• YOUR TASK:
Check each line of the listing below for the string "White", then copy every line that has it.

• DATASET RECORDS:
%%

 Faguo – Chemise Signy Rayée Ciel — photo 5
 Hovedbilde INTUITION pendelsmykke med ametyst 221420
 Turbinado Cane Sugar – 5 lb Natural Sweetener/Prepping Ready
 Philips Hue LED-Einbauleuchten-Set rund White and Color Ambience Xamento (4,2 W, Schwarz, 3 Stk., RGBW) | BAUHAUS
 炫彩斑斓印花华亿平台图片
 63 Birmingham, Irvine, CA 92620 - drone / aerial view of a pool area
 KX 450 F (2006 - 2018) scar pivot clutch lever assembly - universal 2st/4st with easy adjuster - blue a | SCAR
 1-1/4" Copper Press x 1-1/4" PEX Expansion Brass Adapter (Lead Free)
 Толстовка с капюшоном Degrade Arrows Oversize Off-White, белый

%%
%%

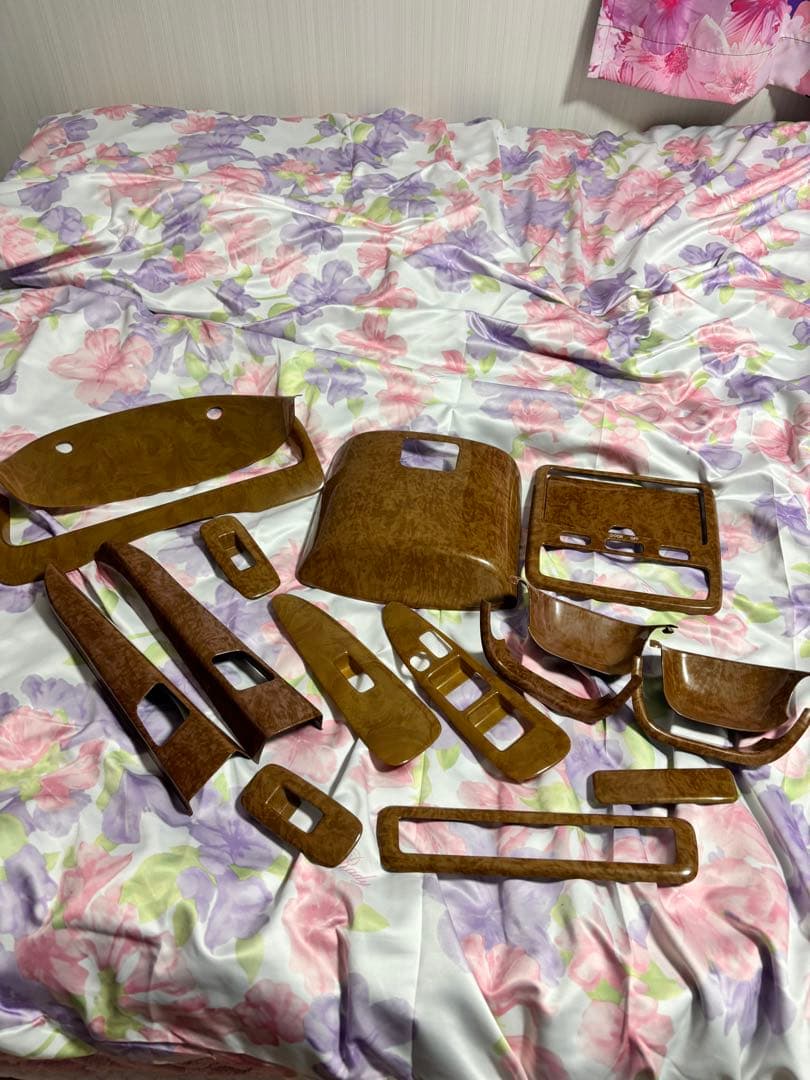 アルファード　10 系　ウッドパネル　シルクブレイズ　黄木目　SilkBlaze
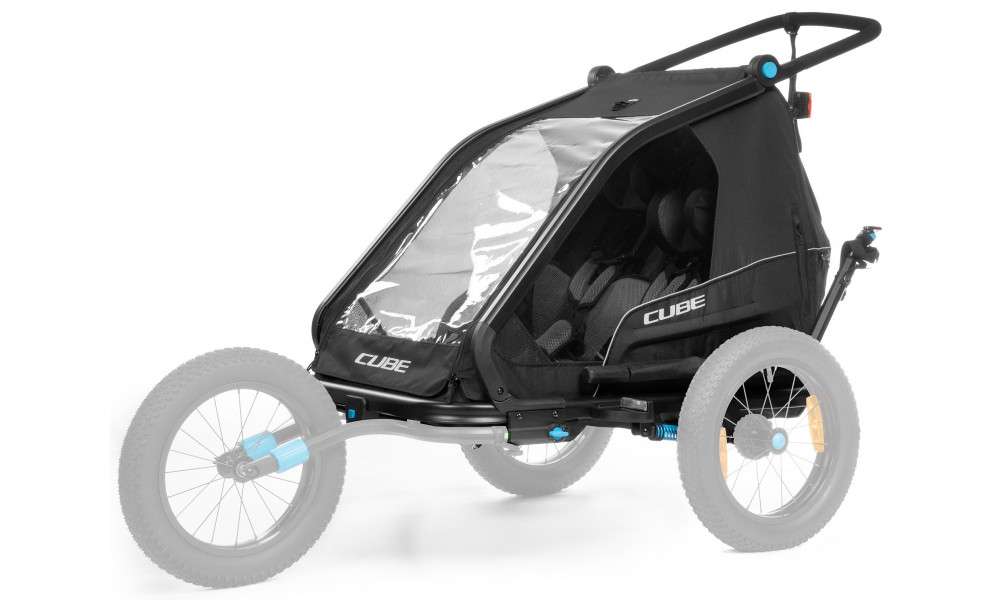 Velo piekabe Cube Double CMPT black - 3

%%
%%

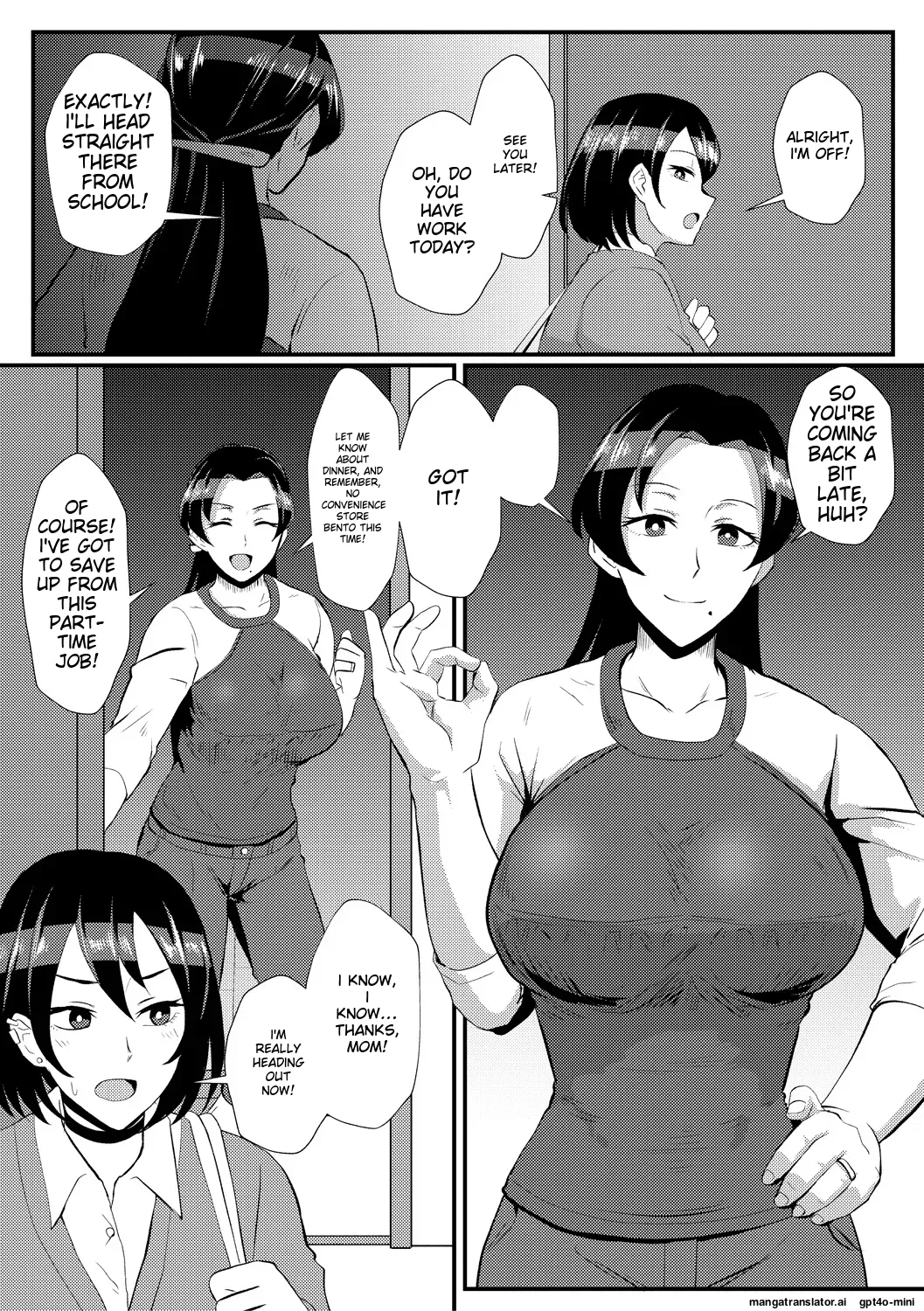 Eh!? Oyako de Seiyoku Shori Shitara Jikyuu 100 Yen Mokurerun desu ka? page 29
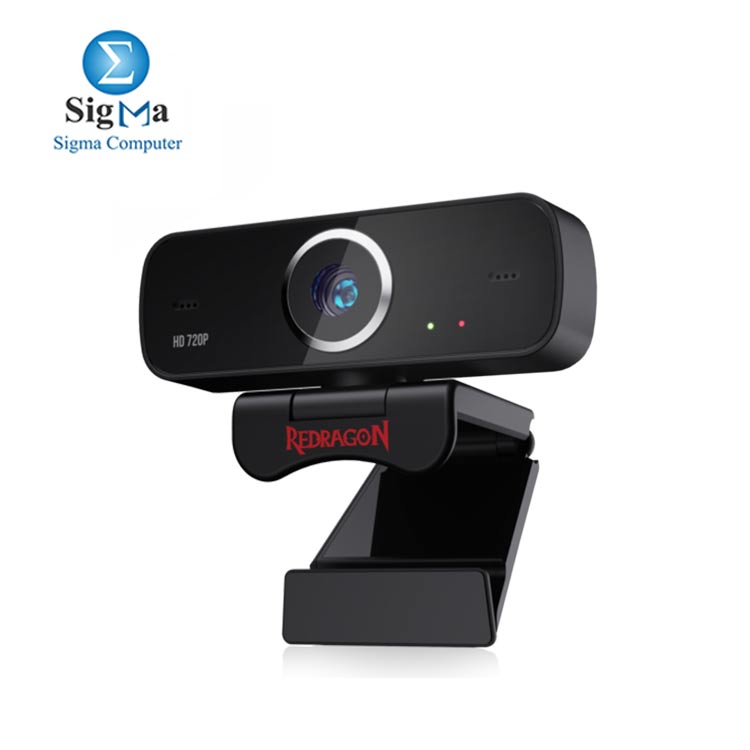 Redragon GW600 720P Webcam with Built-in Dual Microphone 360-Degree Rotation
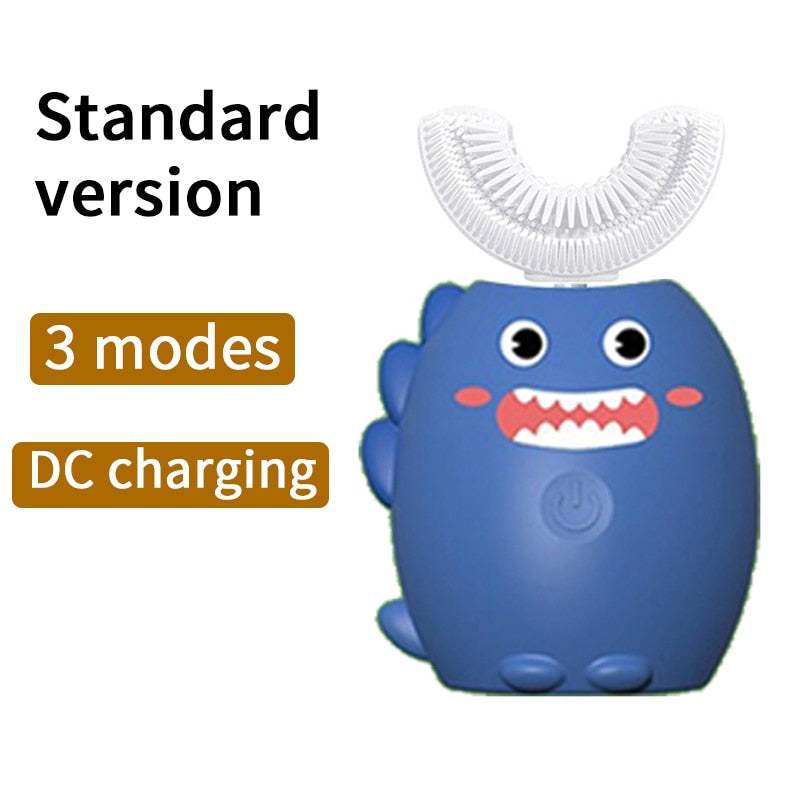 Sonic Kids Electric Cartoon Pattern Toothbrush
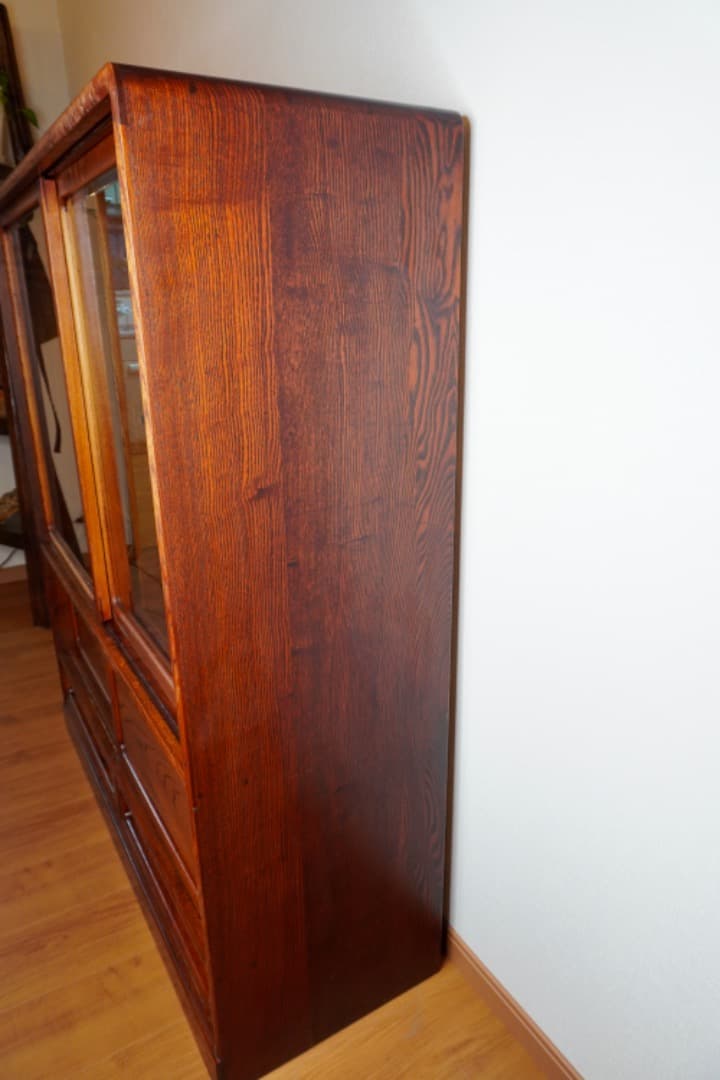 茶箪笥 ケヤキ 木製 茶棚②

%%

• RESPONSE:
 Philips Hue LED-Einbauleuchten-Set rund White and Color Ambience Xamento (4,2 W, Schwarz, 3 Stk., RGBW) | BAUHAUS
 Толстовка с капюшоном Degrade Arrows Oversize Off-White, белый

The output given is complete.